Would Kids Eat More Veggies If They Had Recess Before Lunch?

Would Kids Eat More Veggies If They Had Recess Before Lunch?

Photo: Micheal Sears/MCT/Landov

Schools are offering more and more healthy foods for lunch. And schools that participate in the National School Lunch program require students to choose a fruit and a vegetable side. Yet plate waste is a big problem in schools; as The Salt has reported, kids throw away anywhere from 24 to 35 percent of what’s on their trays.

In many schools, kids tend to eat the entrée, like pizza, first, and leave the fruits and vegetables for last. If they aren’t hungry after the entrée, they won’t eat the healthy foods. But “they definitely don’t leave the dessert on the tray,” says Joe Price, a professor of economics at Brigham Young University.
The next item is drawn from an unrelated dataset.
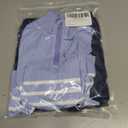 Toddler Boys Sweatsuit 12M-5Y Baby Boy Sweatshirt Outfits Quarter Zip Pullover Matching Joggers (2Y-3Y, Blue)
Price, along with David Just, a researcher at the Cornell Center for Behavioral Economics in Child Nutrition Programs, wanted to see if perhaps stoking kids hunger by letting them go to recess before lunch might change the equation.A study they’ve just published in Preventative Medicine suggests it does. They found that students who have recess before lunch tend to eat more servings of fruits and vegetables than kids who eat lunch first.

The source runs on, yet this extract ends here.